Originally published on Efficiently (Substack)

We’ve spoken a lot about on-disk and distributed storage, as well as blocks. All of this theory is great, let’s talk about this in practice.

In this post, I’m going to:

  1. Read a CSV dataset into Spark
  2. Write the dataset into 5 Parquet files (treating each file as a block)
  3. Introspect metadata existing on the files
  4. Run queries demonstrating predicate pushdown power

Predicate Pushdown

Hands-On: Setup

The tutorial uses an airports dataset. Download it via:

1
wget https://raw.githubusercontent.com/curran/data/gh-pages/vegaExamples/airports.csv -O dataset.csv

The CSV contains columns: iata, name, city, state, country, latitude, longitude.

Loading Data into Spark

1
val dataset = spark.read.option("header","true").option("inferSchema","true").csv("dataset.csv")

The inferred schema shows latitude and longitude as double types.

Writing Parquet Files

1
dataset.repartition(5).write.parquet("/root/parquet_dataset")

This creates 5 Parquet files plus a _SUCCESS flag file.
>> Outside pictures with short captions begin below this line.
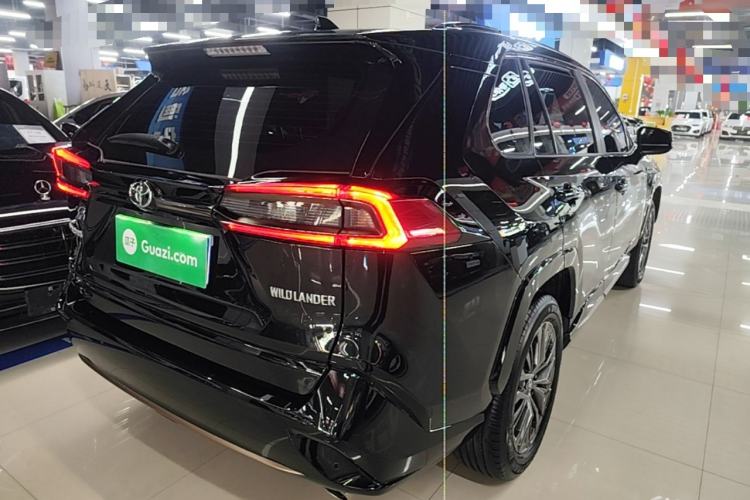 Used Toyota Wildlander 2024 2.0L CVT Two-Wheel Drive Luxury PLUS Edition Rear Right 45 Deg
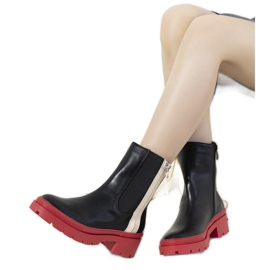 Černé kozačky s proužkem Albina černý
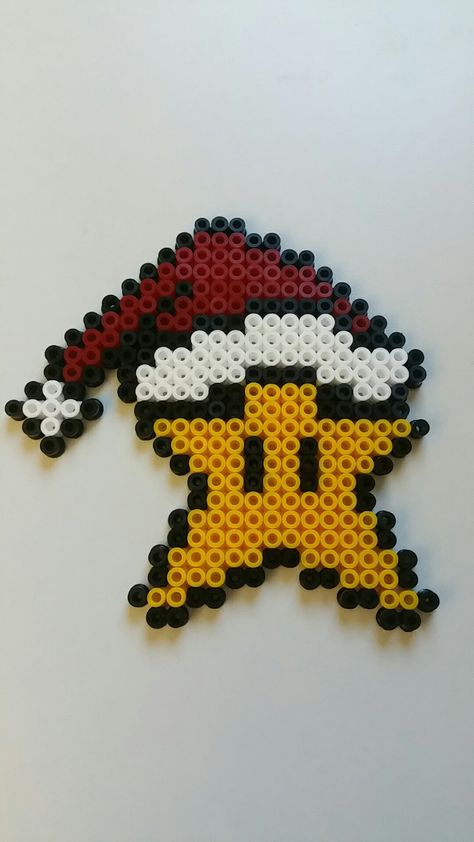 Mario Star Perler Bead Patterns, Peler Beads Christmas, Christmas Iron Beads, Christmas Hama Beads, Mario Christmas, Hama Beads Christmas, Melty Bead Designs, Pokemon Cross Stitch Patterns, Perler Bead Mario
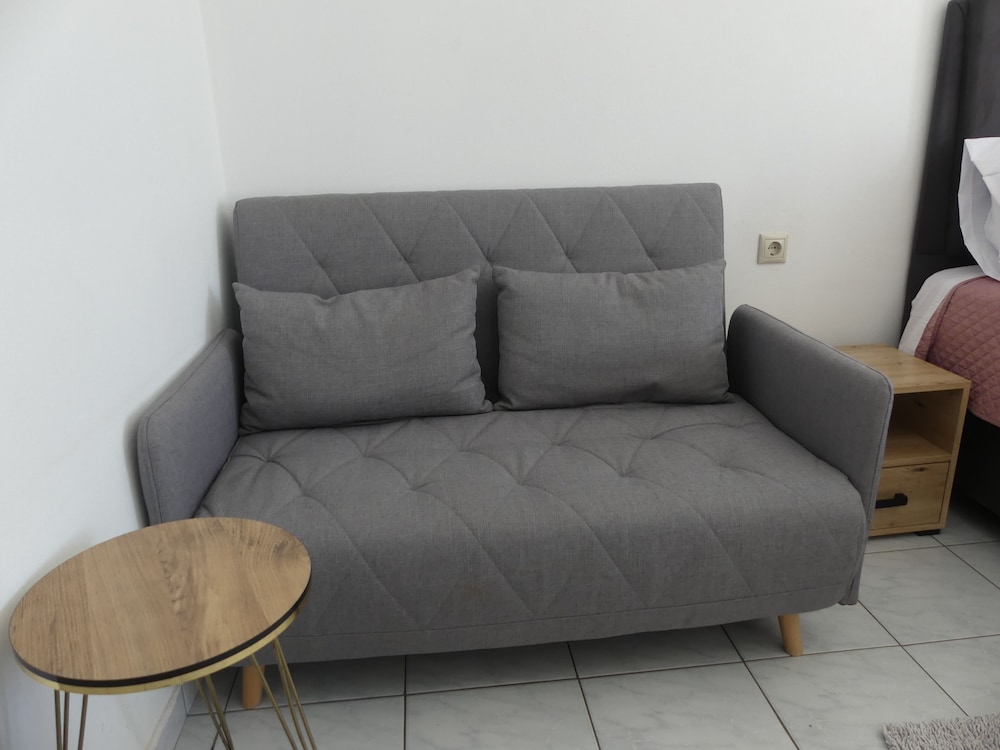AMZ Apartments
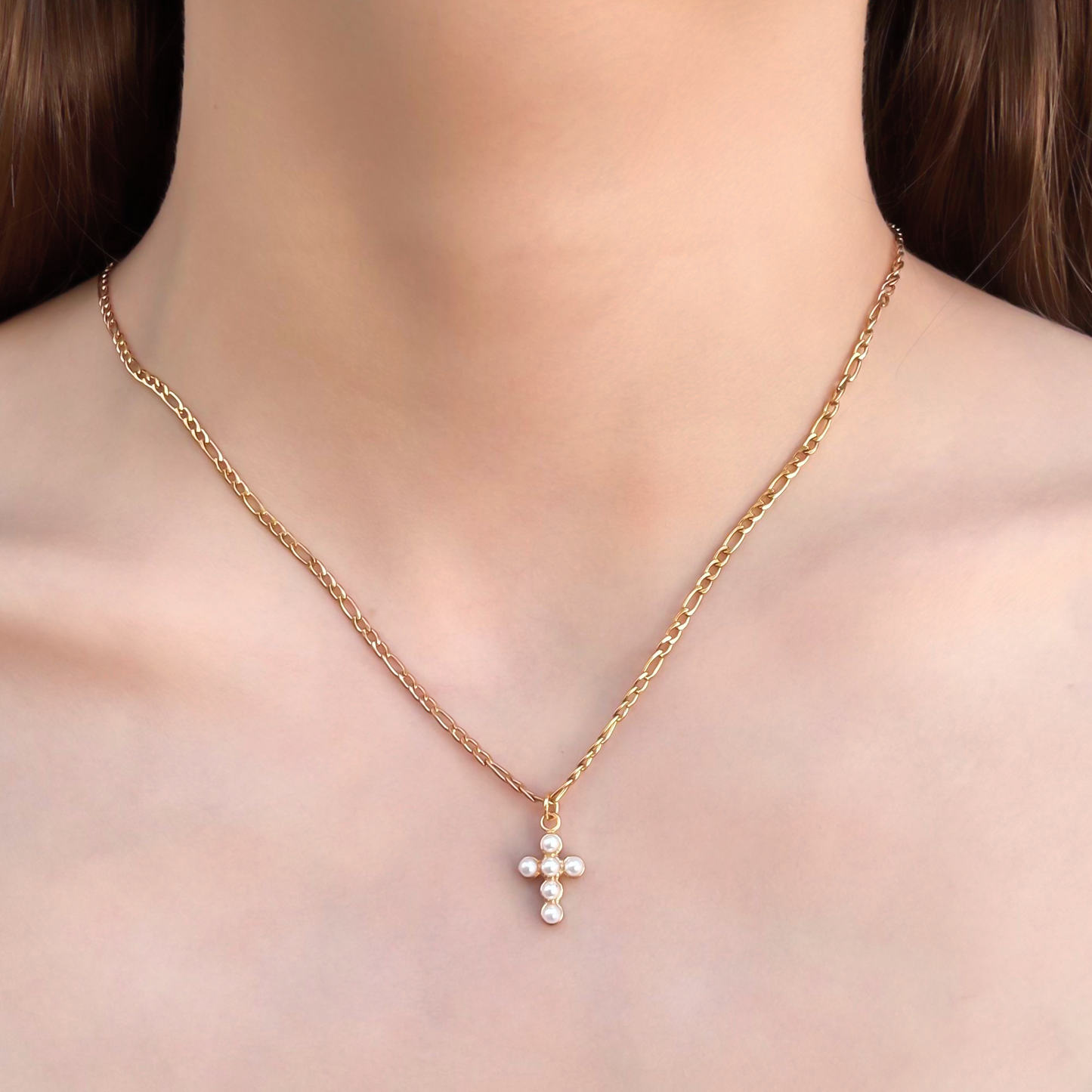 Collar Dorado Cruz Perlitas Acero Inoxidable 3C2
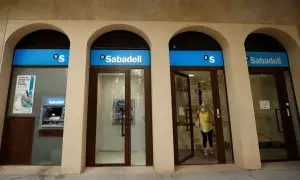 Una oficina del Banco Sabadell, en Barcelona. — Albert Gea / REUTERS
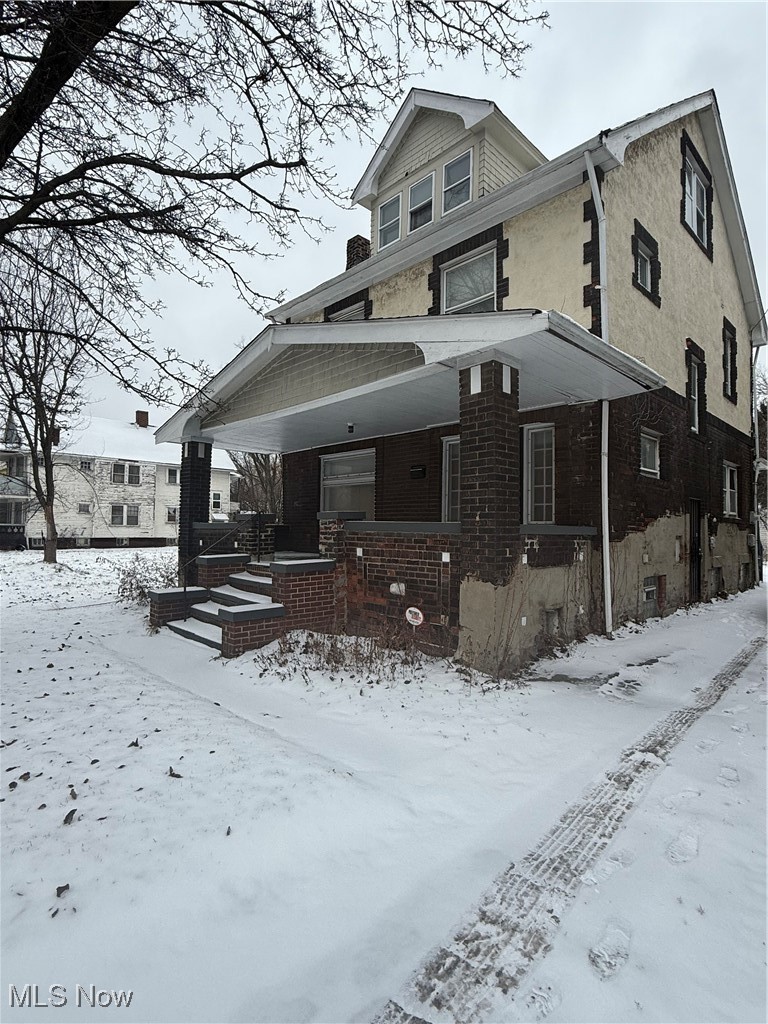 6913 Harvard Avenue Cleveland OH 44105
Inspecting Parquet Metadata

Install the inspection tools:

1
2
pip3 install parquet-tools
pip3 install parquet-metadata

View file contents:

1
parquet-tools show part-00000-53b27d15-b049-41db-a8aa-fa3033763836-c000.snappy.parquet

Hands-On: Query Plans

Simple Filter Query

1
2
val simpleFilter = dataset.filter($"latitude" > 30)
simpleFilter.show()

The result shows all rows where latitude exceeds 30.
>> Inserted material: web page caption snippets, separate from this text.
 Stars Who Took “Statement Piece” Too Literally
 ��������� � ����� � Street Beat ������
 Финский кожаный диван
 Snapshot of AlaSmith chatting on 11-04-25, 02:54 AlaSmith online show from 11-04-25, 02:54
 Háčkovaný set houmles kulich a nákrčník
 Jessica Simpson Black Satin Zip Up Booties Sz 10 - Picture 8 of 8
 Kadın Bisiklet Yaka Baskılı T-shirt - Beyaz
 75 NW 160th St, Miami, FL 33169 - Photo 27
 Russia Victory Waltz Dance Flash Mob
The query plan analysis reveals three optimization stages: parsed logical plan, analyzed logical plan, and optimized logical plan. The optimized logical plan has added some null checking — which also matches our predicate.

Complex Filter Query

1
val complexFilter = dataset.filter($"latitude" > 30).filter($"latitude" < 40)

As you can see, the plan has combined both of our predicates into one step as part of the query process (meaning that what would previously take two passes over the data now only requires one).

The optimized plan consolidates the filters: Filter ((isnotnull(latitude#21) AND (latitude#21 > 30.0)) AND (latitude#21 < 40.0))

Hands-On: Querying with Parquet

Row Group Metadata Analysis

1
parquet-metadata /root/parquet_dataset/part-00000-...

Critical metadata fields include:

  • stats:min — smallest value in the column
  • stats:max — largest value in the column

Example statistics from one file:

1
2
row_group 0 latitude stats:min 14.1743075
row_group 0 latitude stats:max 70.46727611

Predicate Pushdown Mechanism

For a second file with stats:min=44.4430157 and stats:max=74.46727611, a query filtering for latitude between 30 and 40 would exclude this entire file — because we know from the metadata that no values in this file fall within our filter range.

In practice, this is called predicate pushdown. The requirements of the predicate (the query) have been pushed down, allowing the optimizers to look at the metadata on the row groups themselves to decide which row groups to read, and when they can be ignored.

Conclusion

There is a lot of magic that goes into our ability to query data quickly and Efficiently. Query optimizers do a lot for us — and understanding how they work under the hood helps us write better queries and design better data layouts.